Peeta was still murmuring against her hair, lips brushing across her temple, content to sit with her, even in the middle of the night, calming her until she was at ease again, until her mind was done rolling and churning and remembering. He knew what it was like. He woke just as often as her – lost and confused. Not knowing where he was, not knowing who he was. Was he the Peeta who was a contest in the Games, Tribute and player and victor? Or was he the Peeta who was a Capital toy, mind raw and open and filled with lies? Real or not real? Sometimes when he woke he was still there in those moments, still hated Katniss' face on sight. He came to himself to find bruises on her cheeks and arms, knowing that he did that, that he had forgotten, not wanting to look into her face, to see the look in her eyes. But always, always he only finds relief that he is back here with her.
Real.
These are the moments that Katniss has begun to treasure, the ones here in the dark with just the two of them. It is easy, natural, there are no secrets between them. They have been with each other at the very worst points in their life, they know each other's secrets and fears and nightmares, what wakes them screaming and thrashing, what they see when those close their eyes. But here, there is only companionship – the softly whispered words to remind each other of other times, good times. An ugly orange cat with nine lives, a wedding, trinkets, Finnick's bright smile, Prim's bright eyes, her mother's laugh, Haymitch's humor.

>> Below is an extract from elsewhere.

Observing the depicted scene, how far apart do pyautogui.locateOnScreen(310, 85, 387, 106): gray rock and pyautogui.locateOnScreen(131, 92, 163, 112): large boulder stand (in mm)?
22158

She never thought, never imagined, that after the horror she had condensed into a few short years of her life, that she would be allowed to have this. A home, a husband, children. But more than any of those things, it's this. This closeness. She never imagined she could feel this with another person. She had never been close to people – not like this. There were no hugs or fleeting touches. She had no paramours, no serious ones, that she flirted or kissed. Gale and Prim were her closet companions, but they were never this. There was never this give and take between them like with Peeta. They were two halves, two victors together. Where one was darkness, the other was there to pull them back towards the light. They completed each other, made sure they were each whole.
It is only here, in these stolen moments in the dark, pre-dawn light, that either one of them feels real.